ELVIRA — (Lendo a sorte de Ana, atirando cartas de Tarot ao ar.) — O teu


destino... o que estava dentro está fora... o que estava fora está dentro... é o teu
caminho... e o teu destino... alguém gosta muito de você... mas você gosta de
outro... um brinco... um brinco de ouro... uma carta... um caldeirão e o fogo! (O
Palhaço vai tirando do violino do bonecão os mesmos acordes da caixa de
música de Ana: Os sonhos mais lindos sonhei...)

AS TIAS — (Histéricas, off) — Elvira! Está na hora de servir o jantar!

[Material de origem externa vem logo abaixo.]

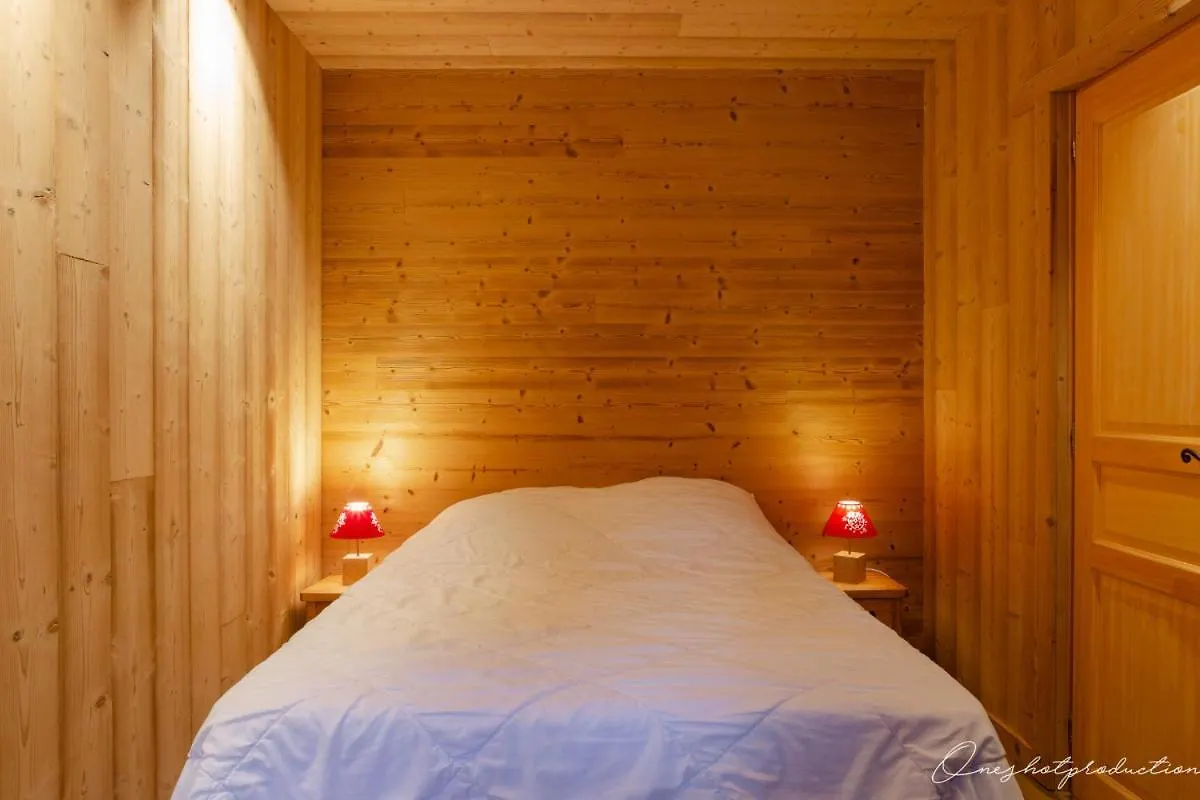 Holiday home Superbe Chalet 6 Ch Au Pied Du Domaine Des 2 Alpes Les Deux Alpes France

ELVIRA — Bem que elas podiam cair dentro da panela do feijão! (Elvira se
retira.)

CENA X

(Ana dança ao som do violino cigano. Na janela aparece o ator do qual o


boneco Antonio Boca é a réplica. Os dois se entreolham e Antonio pula a janela e
vem para junto de Ana Manjericão.)

ANA MANJERICÃO — Você gosta mesmo de mim?

ANTONIO BOCA — De outra é que não é!

ANA MANJERICÃO — Olha que tem outro que gosta de mim!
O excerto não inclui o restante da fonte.